DATA EXCERPT:
BEGIN

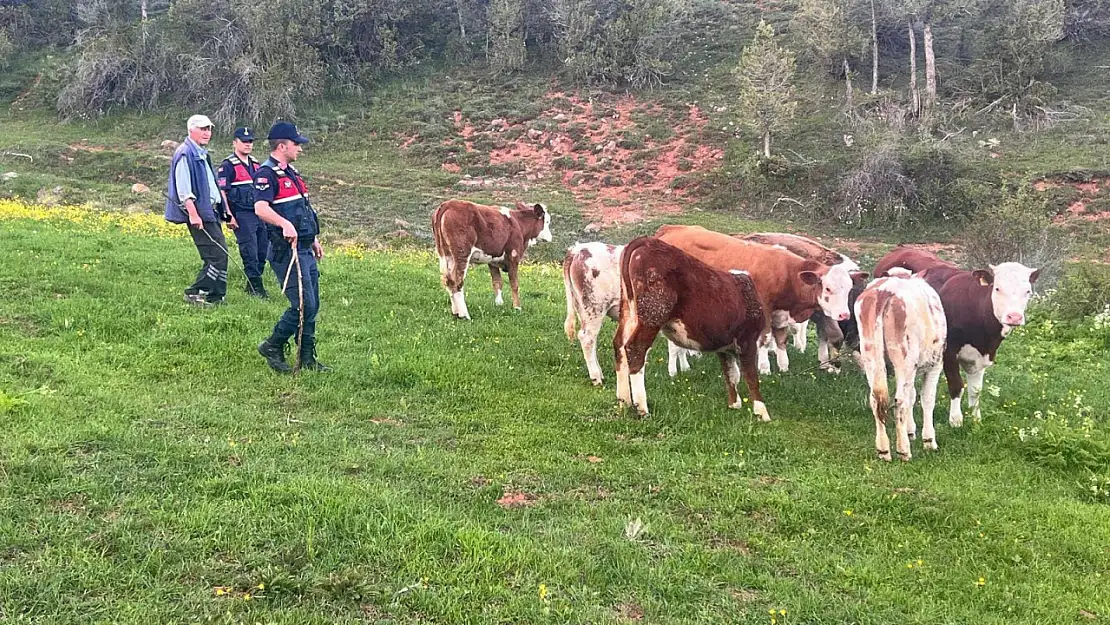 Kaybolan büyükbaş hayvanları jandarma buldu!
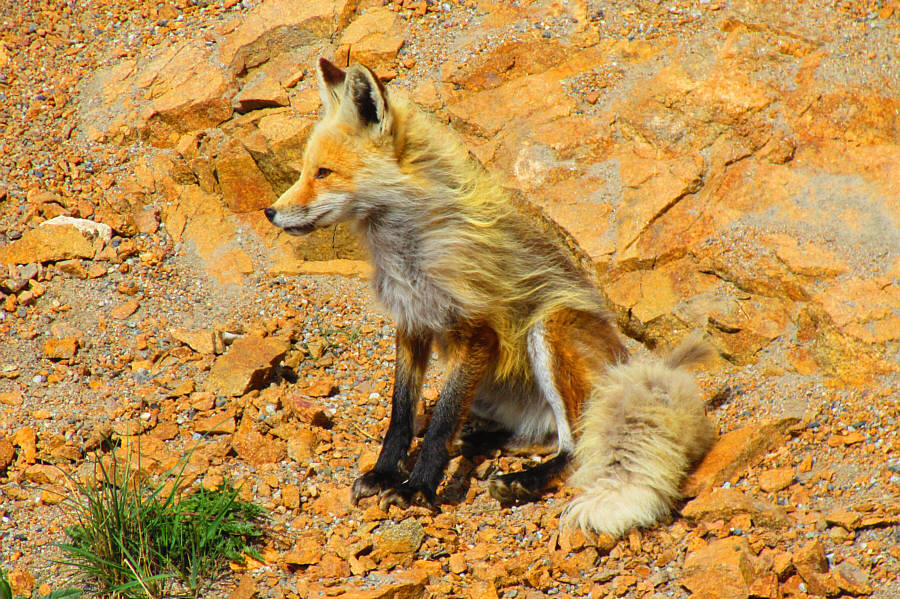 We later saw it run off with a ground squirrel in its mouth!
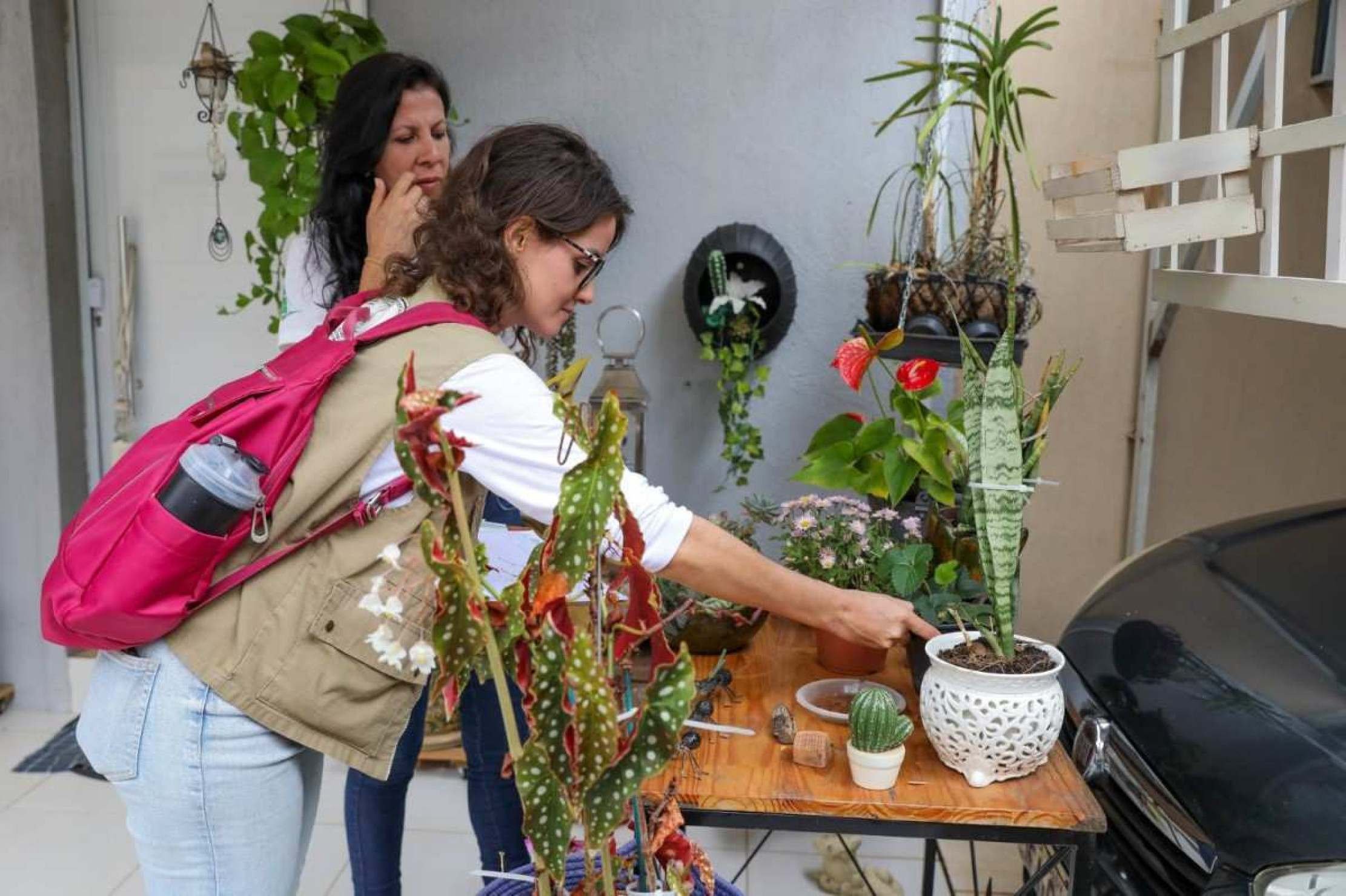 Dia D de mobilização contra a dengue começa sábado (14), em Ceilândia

END

TASK TO CARRY OUT:
Restate all the material verbatim; omit every picture.

RESPONSE:
 Kaybolan büyükbaş hayvanları jandarma buldu!
 We later saw it run off with a ground squirrel in its mouth!
 Dia D de mobilização contra a dengue começa sábado (14), em Ceilândia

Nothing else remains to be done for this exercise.